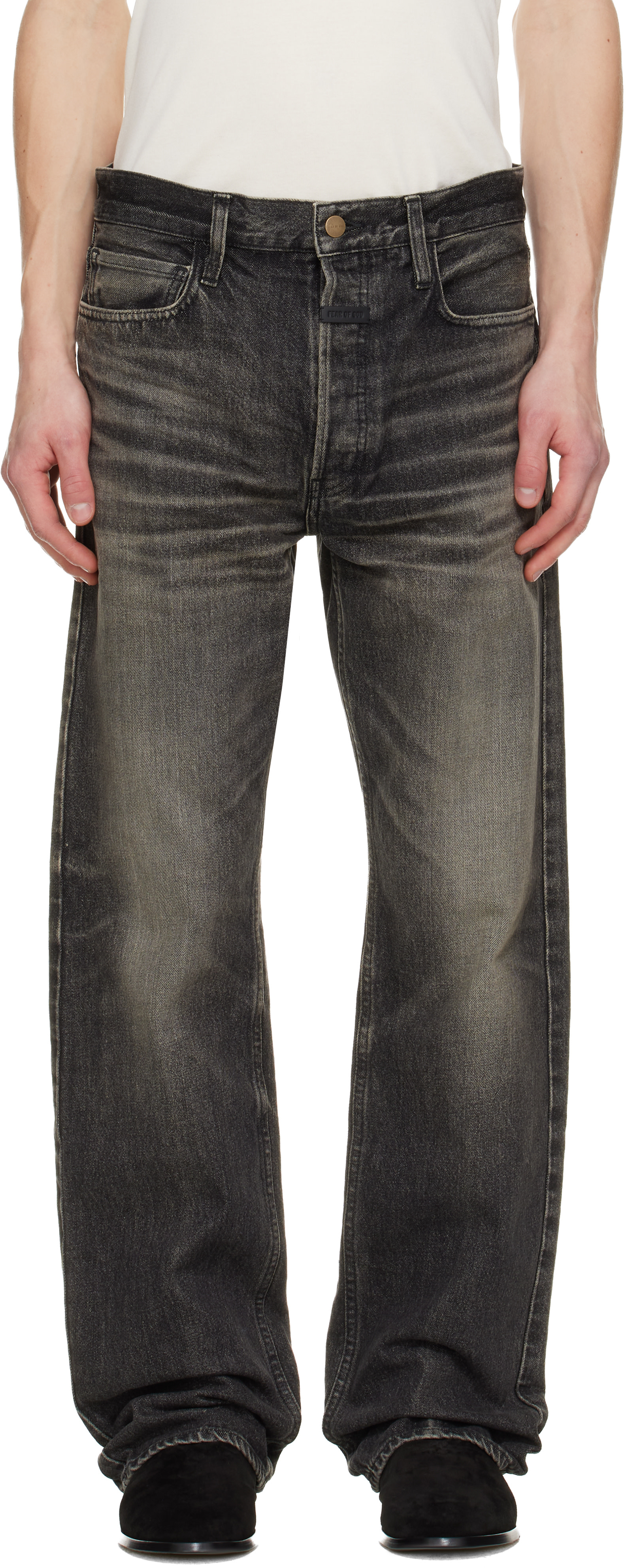 Fear of God: Black Straight 5 Pocket Jeans | SSENSE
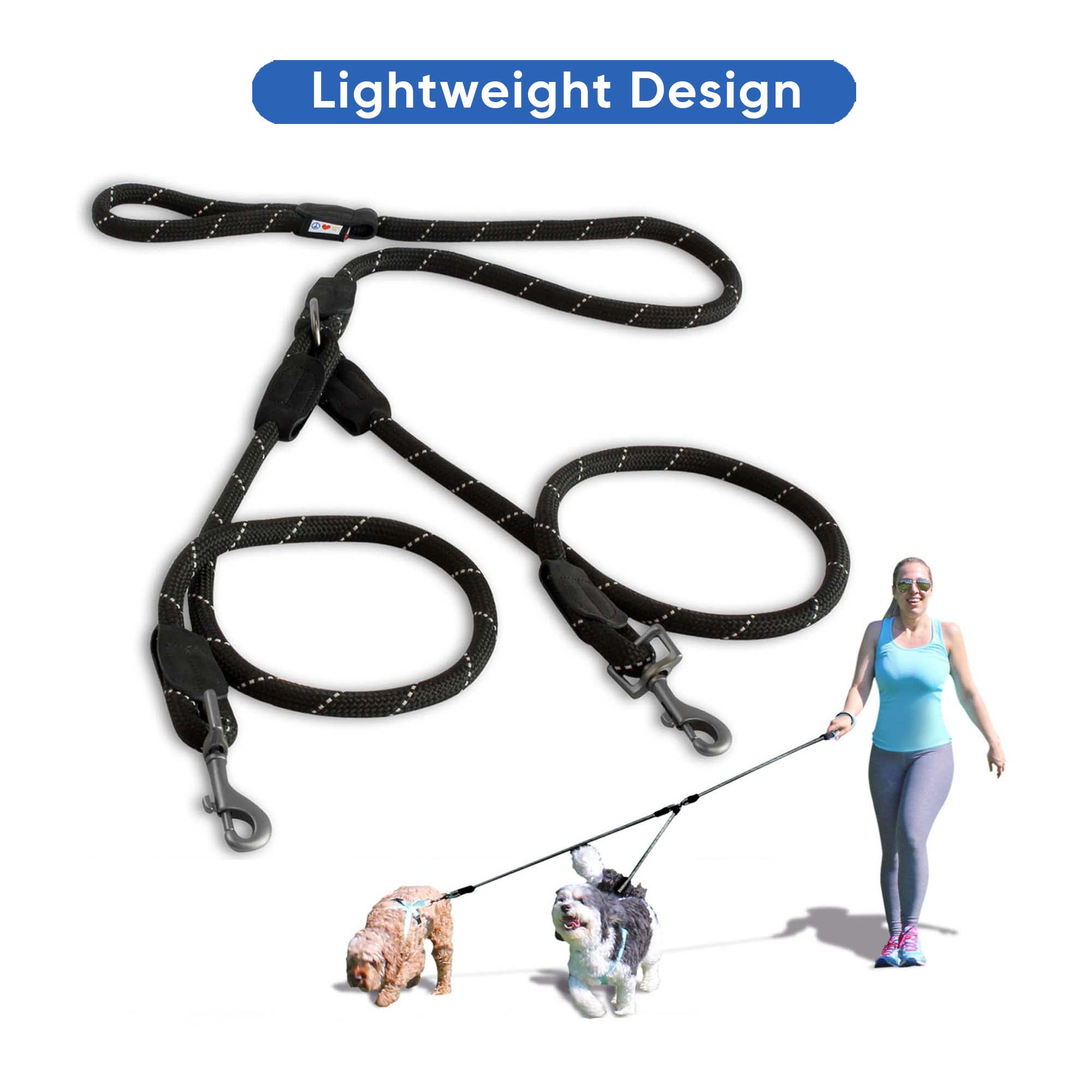Pawtitas Double Leash For Two Dogs Great For Walking & Training Comfortable Shock Absorbing Reflective Pet Rope Leash For 2 Dogs
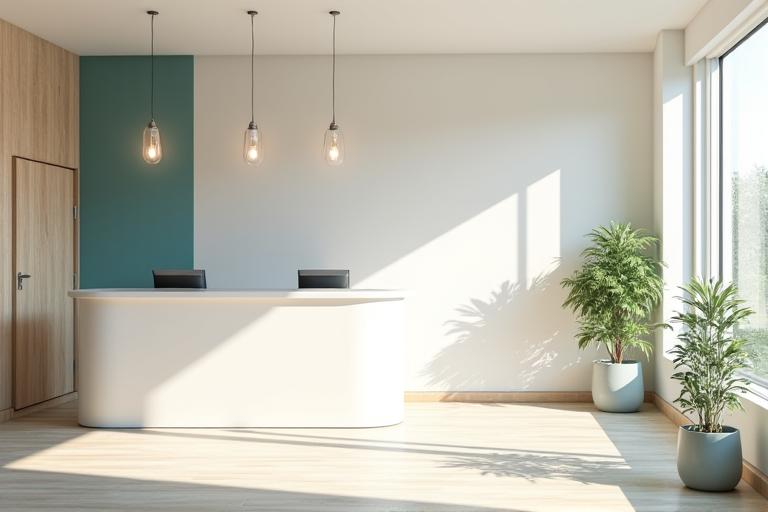 Heller und einladender Empfangsbereich des AetherFlow Yoga Studios.
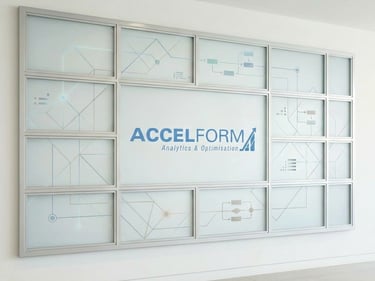 ACCELFORM data strategy and analytics wall display featuring governance and business intelligence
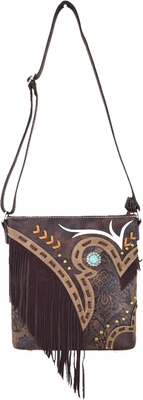 Moda western cowgirl estilo de couro franja crossbody bolsas de mão mulheres bolsa país todos os dias bolsa de ombro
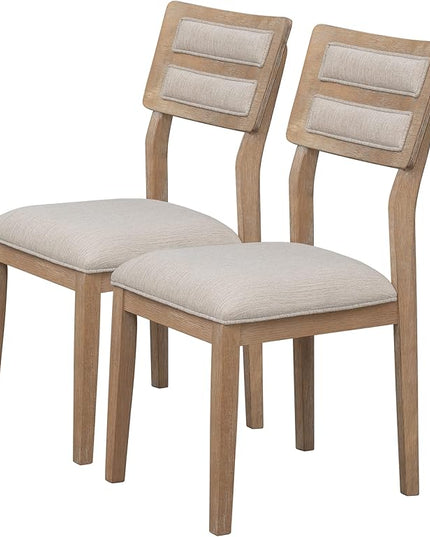 6-Piece Kitchen Dining Room Table Set with 4 Upholstered Chairs & Bench, Classic and Traditional Style, Natural Wood Wash, 60''L x 36''W x 30''H - LeafyLoom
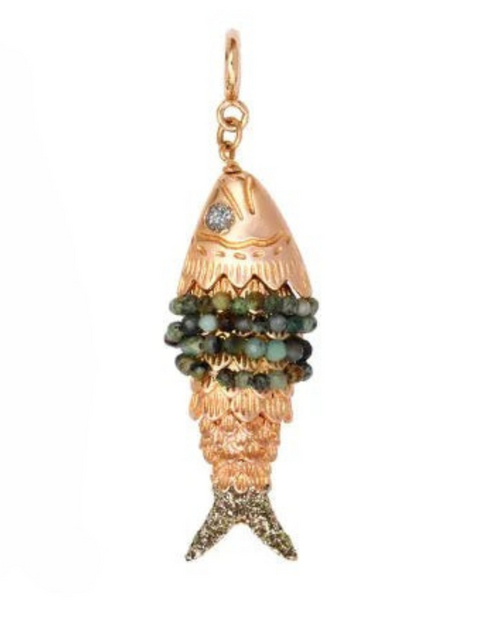 Inara Green and Silver Short Necklace with Dressed Loulous Fish Pendant in Turquoise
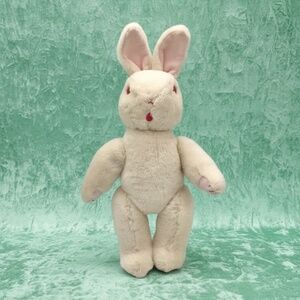 Vintage Jointed Wool Bunny Plush Toy, Primitive Rabbit Doll, Easter Decor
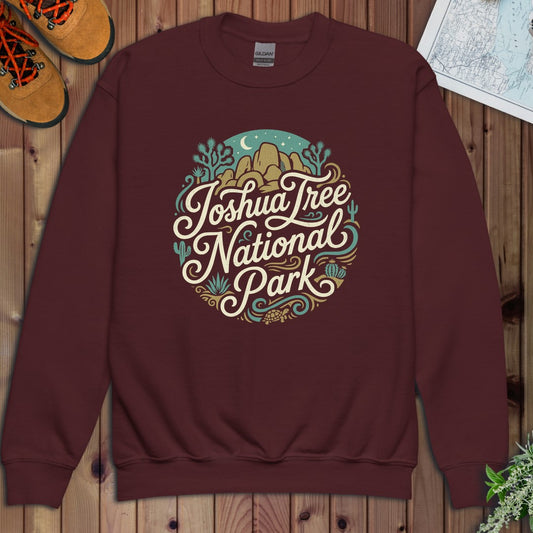 Joshua Tree National Park Curved Youth Sweatshirt in Maroon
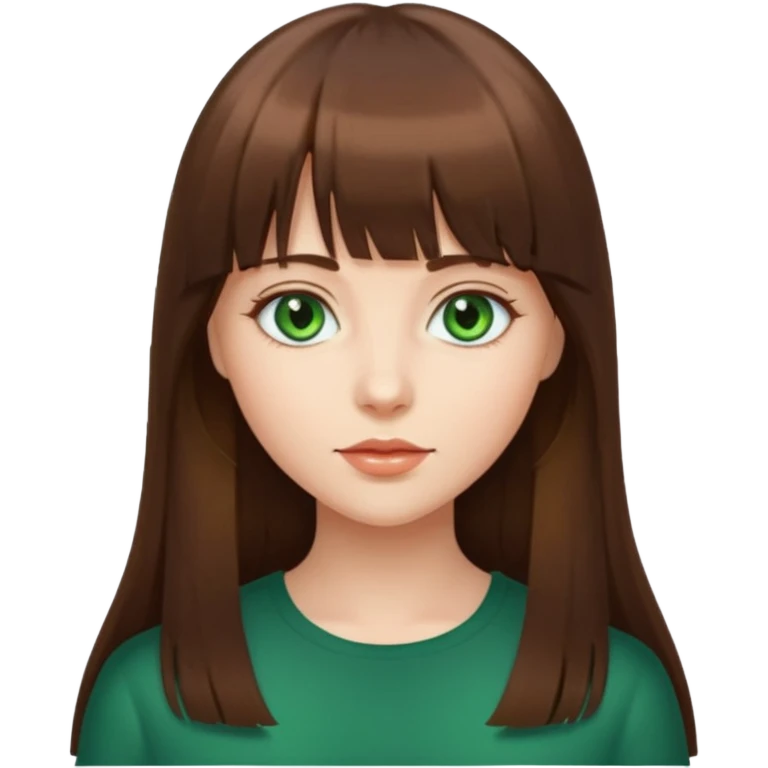 beautiful woman, straight long brown hair with bang, green eyes  emoji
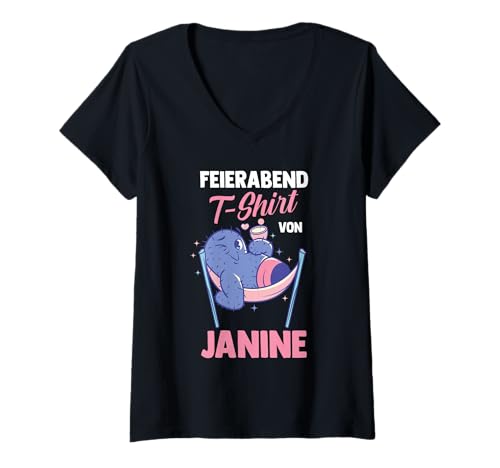 Damen Kaktus Feierabend Janine T-Shirt mit V-Ausschnitt von Vorname Janine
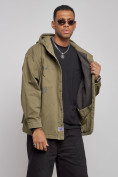 Купить Джинсовая куртка мужская с капюшоном цвета хаки 12768Kh, фото 8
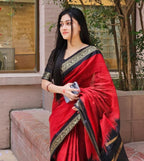 Women's Linen Striped Saree With Unstitched Blouse - 5.5 Mtr (Red-Black)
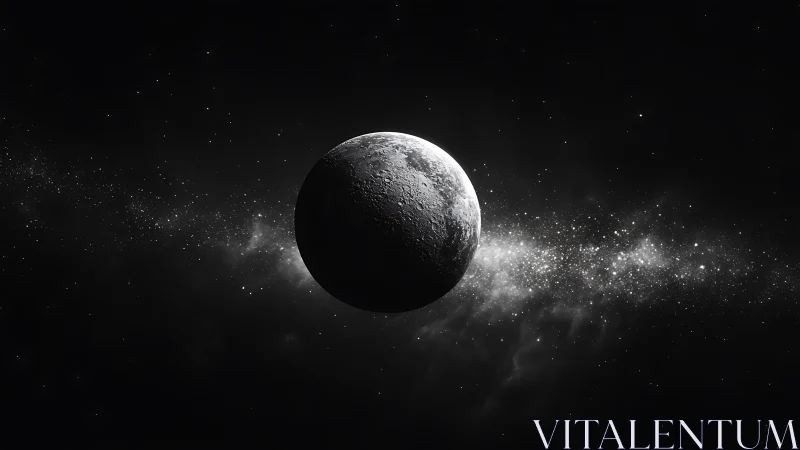 Lonely moon drifts calmly across a sparkling star river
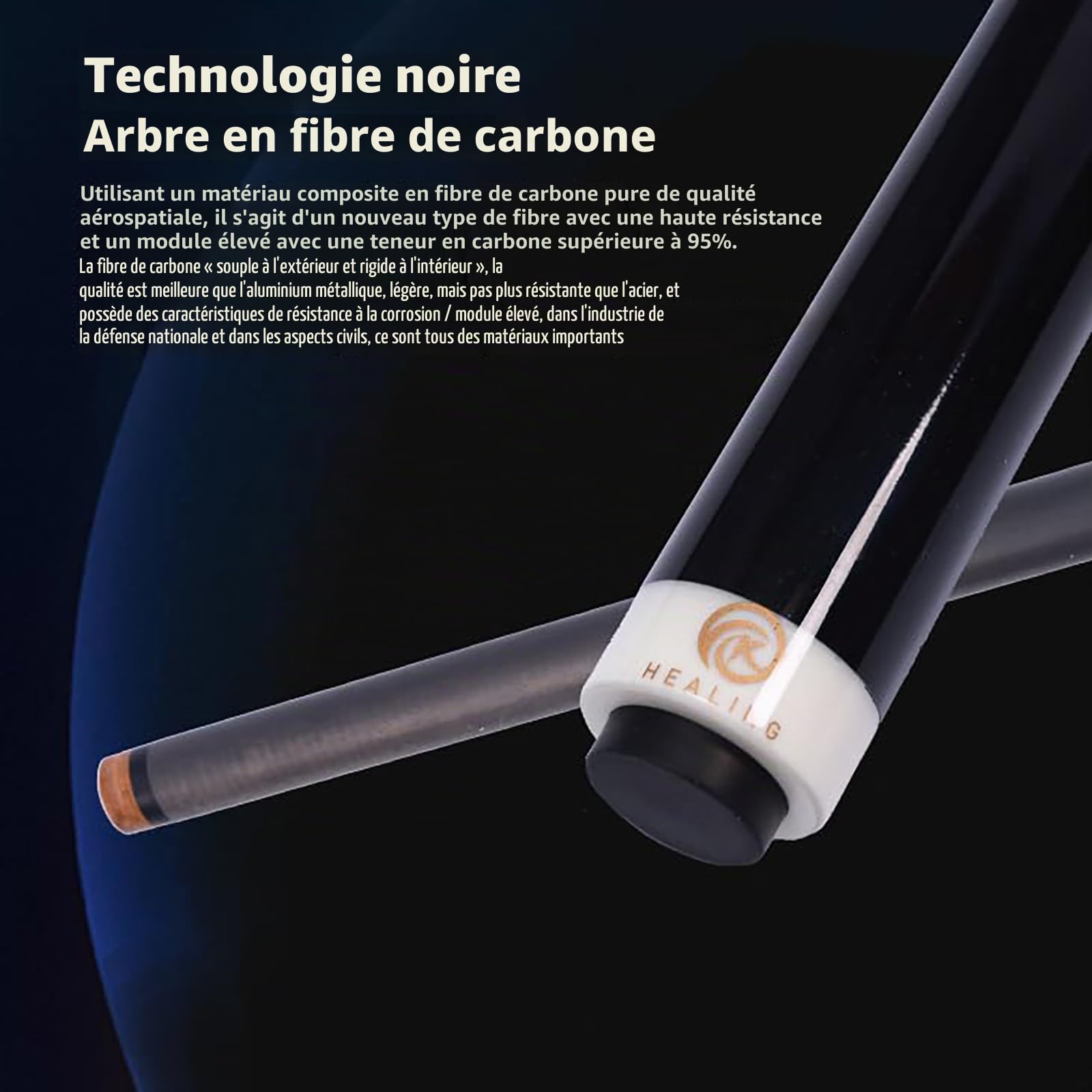 Excellentes performances : ce billard professionnel en fibre de carbone de 147 cm est équipé d'une tête de 12,4 mm, pèse 19 ~ 20 oz et est adapté pour les boules noires huit et neuves.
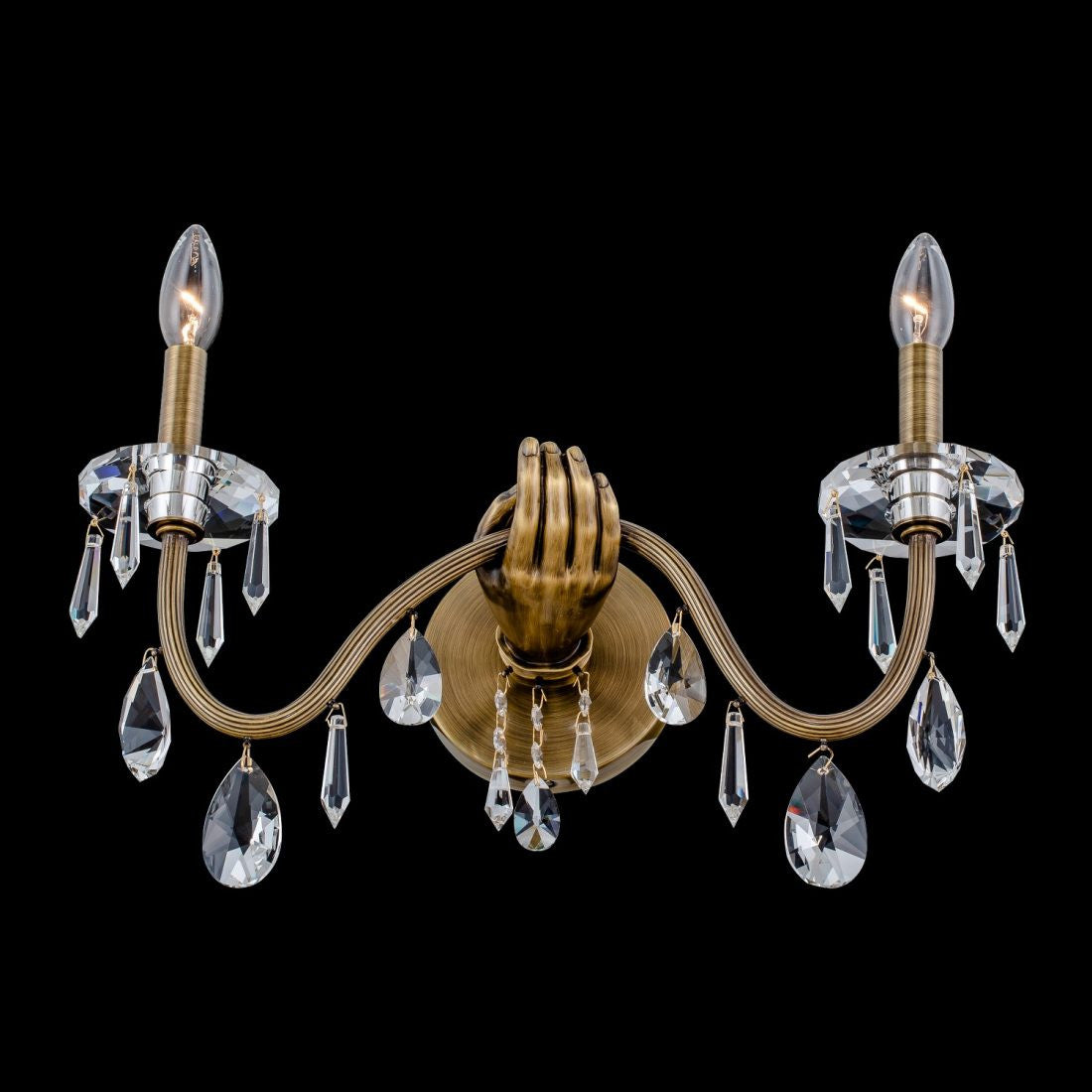 Allegri Crystal Venere 2 Light Wall Sconce in Historic Brass 039021-032-FR001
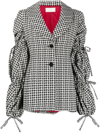 Sara Battaglia Houndstooth Single-breasted Blazer In Piepo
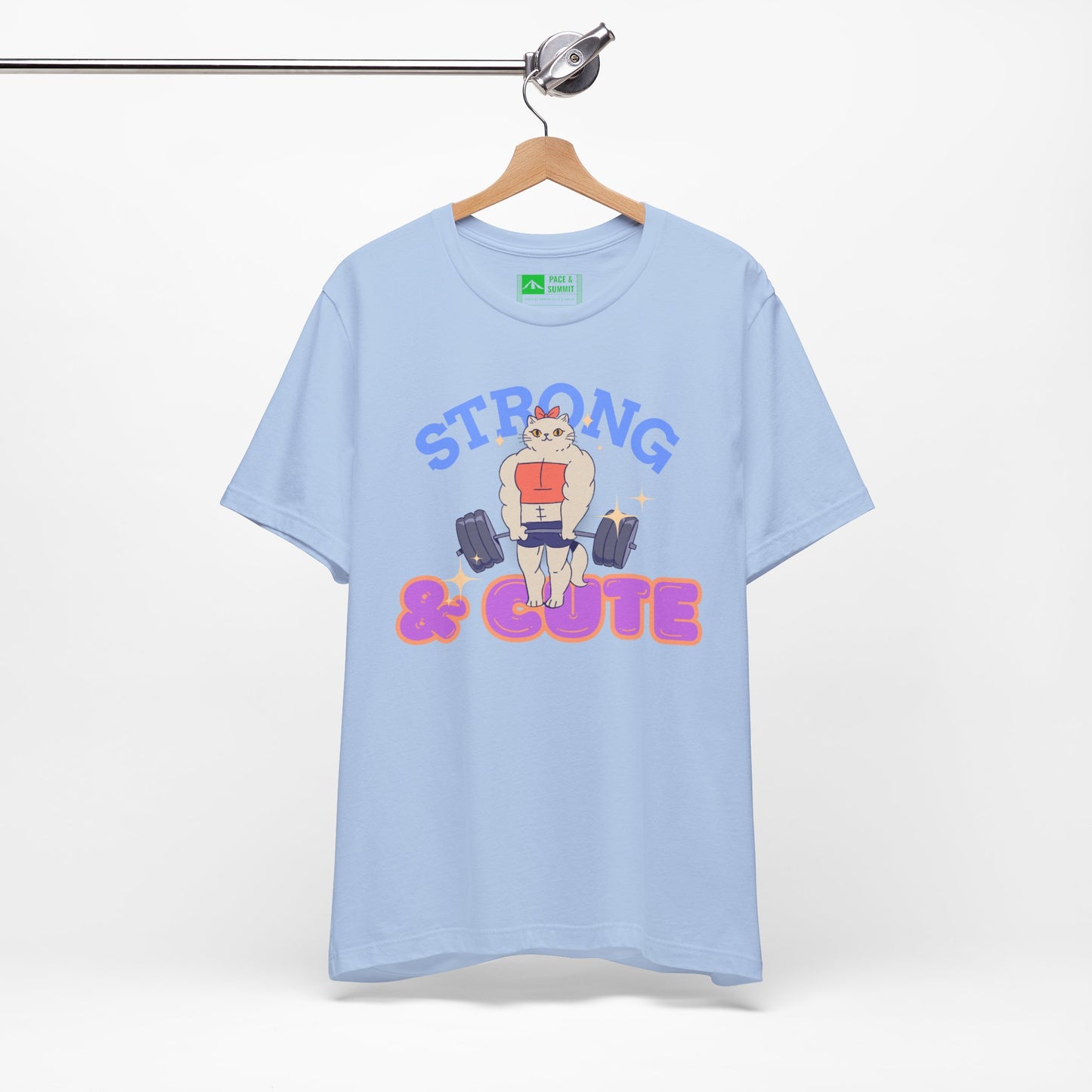 Tropical Blue | 'Strong & Cute' Weightlifting Graphic Gym T-Shirt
# # # #
ASSIGNMENT -> An exact copy is needed. It runs from the line above containing "ACCELFORM data strategy" down to the line containing "Damen Kaktus Feierabend", both included, with no pictures.

TASK ANSWER ->
 ACCELFORM data strategy and analytics wall display featuring governance and business intelligence
 Moda western cowgirl estilo de couro franja crossbody bolsas de mão mulheres bolsa país todos os dias bolsa de ombro
 6-Piece Kitchen Dining Room Table Set with 4 Upholstered Chairs & Bench, Classic and Traditional Style, Natural Wood Wash, 60''L x 36''W x 30''H - LeafyLoom
 Inara Green and Silver Short Necklace with Dressed Loulous Fish Pendant in Turquoise
 Vintage Jointed Wool Bunny Plush Toy, Primitive Rabbit Doll, Easter Decor
 Joshua Tree National Park Curved Youth Sweatshirt in Maroon
 beautiful woman, straight long brown hair with bang, green eyes  emoji
 Damen Kaktus Feierabend Janine T-Shirt mit V-Ausschnitt von Vorname Janine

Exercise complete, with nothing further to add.